▸ Work to be completed:
Please print, exactly, only the lines in the entries below from the line that has "Mercedes-Benz Sprinter 311" through the line that has "Blatter pertahan jawatan presiden FIFA". Pictures don't go in.

▸ Data for processing:
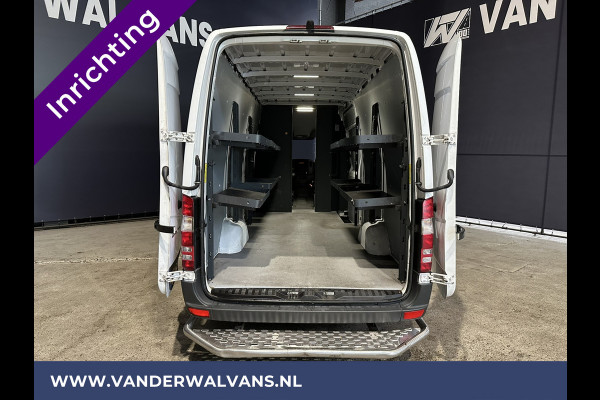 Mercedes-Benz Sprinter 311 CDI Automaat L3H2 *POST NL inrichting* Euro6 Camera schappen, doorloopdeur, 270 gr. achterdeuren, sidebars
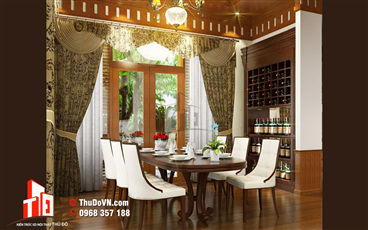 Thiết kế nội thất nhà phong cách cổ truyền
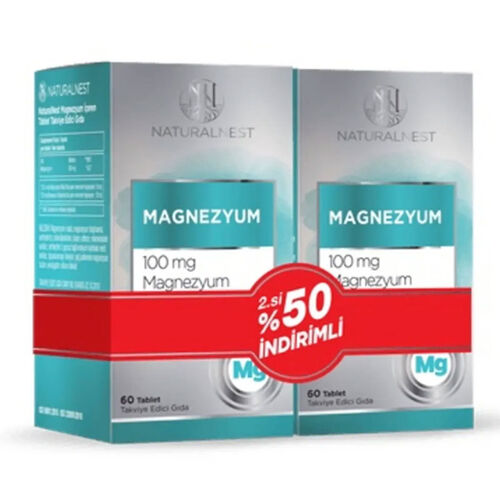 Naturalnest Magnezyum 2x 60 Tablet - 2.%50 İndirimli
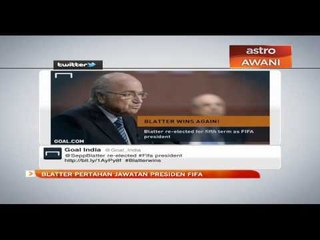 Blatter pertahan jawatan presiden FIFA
...
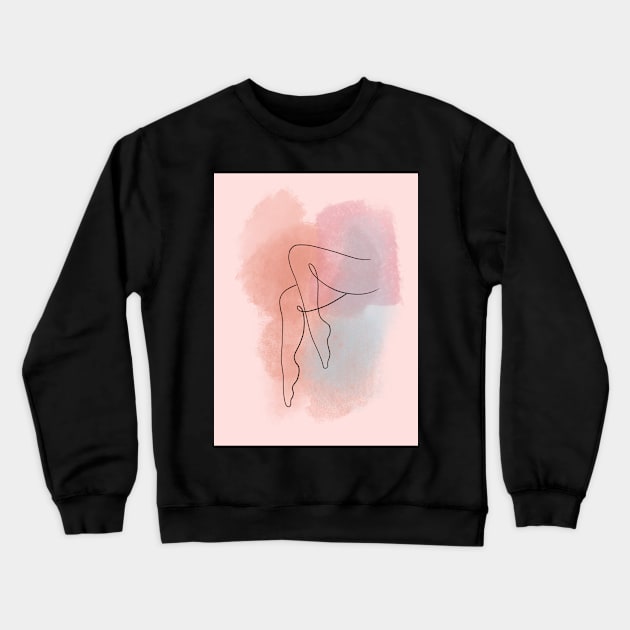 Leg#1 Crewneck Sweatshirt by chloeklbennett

▸ Task response:
 Mercedes-Benz Sprinter 311 CDI Automaat L3H2 *POST NL inrichting* Euro6 Camera schappen, doorloopdeur, 270 gr. achterdeuren, sidebars
 Thiết kế nội thất nhà phong cách cổ truyền
 Naturalnest Magnezyum 2x 60 Tablet - 2.%50 İndirimli
 Blatter pertahan jawatan presiden FIFA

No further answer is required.